Faire une belle jambe [fɛʁ yn bɛl ʒɑ̃b]

Fig. A. Pas de bras mais de belles jambes.

[fɛʁ yn bɛl ʒɑ̃b] (LOC. RANAFOUT. JAMB.)

Depuis la nuit des temps l’homme aime se rassurer en mesurant l’utilité des choses. C’est d’ailleurs ce qui le différencie de la poule qui, elle, n’a que faire de la mesure et de l’utilité lorsqu’elle trouve un couteau par exemple, mais ceci est une autre histoire.

L’outil sert à travailler, la roue à avancer, le feu à cuire, et le bon vin à oublier qu’on a trop travaillé, trop roulé ou trop fait cuire la viande. Mais parfois, cette belle logique se carapate et la récompense ne sert pas à récompenser tant elle se révèle aussi futile qu’un coup de pied dans une flaque d’eau¹. C’est là qu’intervient faire une belle jambe.

L’expression, faussement flatteuse, souligne l’inanité d’un avantage supposé. Celui qui se voit gratifié d’un privilège insignifiant, d’une distinction sans effet ou d’une information inutile se retrouve donc, comme l’indique la formule, nanti d’une belle jambe—ce qui, convenons-en, ne lui sert à rien d’autre qu’à rester debout dans son désarroi. C’est déjà pas mal mais on ne peut pas dire que ça fasse la rue Michel.

Les origines de faire une belle jambe remontent à une époque où les apparences comptaient autant que l’efficacité sur le champ de bataille. Dans les cours médiévales et renaissantes, une jambe bien galbée et mise en valeur par des chausses ajustées était un atout de séduction autant qu’un signe de noblesse. Les gentilshommes s’exerçaient aux poses avantageuses, un pied en avant, genou légèrement fléchi, le mollet en évidence (le fameux art du rond de jambe pratiqué devant tout puissant à séduire). Mais de ce galbe avantageux, le pauvre hère dépourvu de titre ou de fortune ne tirait que des regards envieux et quelques soupirs résignés.

De là, l’idée que posséder une jambe admirable n’était d’aucun secours pour l’important, le concret, le pragmatique—un rang, une dot, un champ à labourer. À quoi bon avoir une belle jambe si l’on reste aussi désargenté qu’un mendiant à la sortie d’une messe sans fidèle ?

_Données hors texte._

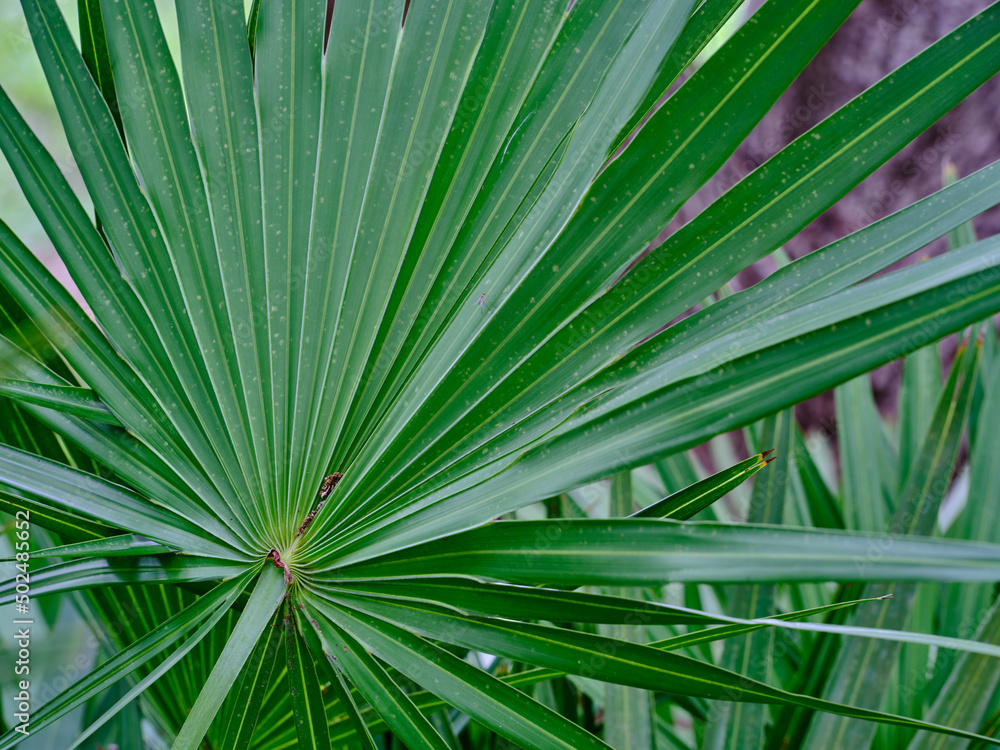 Green Tropical plants in a Florida garden
Green Tropical plants in a Florida garden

Cette médaille me fait une belle jambe

Les soldats du roi, eux, se gaussaient volontiers des avantages symboliques accordés par leurs supérieurs. Un simple troufion décoré d’un ruban après une bataille sanglante qui l’avait laissé cul-de-jatte n’avait guère plus de chances d’obtenir une solde décente qu’un éclopé de danser la gigue. « Tiens, mon gars, voilà une médaille… Ça te fait une belle jambe, hein ? » lançait-on alors, entre résignation et ironie grinçante.

De fil en aiguille, faire une belle jambe devint synonyme d’une distinction sans effet réel, d’une promesse creuse, ou d’une confidence dont on ne savait que faire si ce n’est s’en tamponner le coquillard.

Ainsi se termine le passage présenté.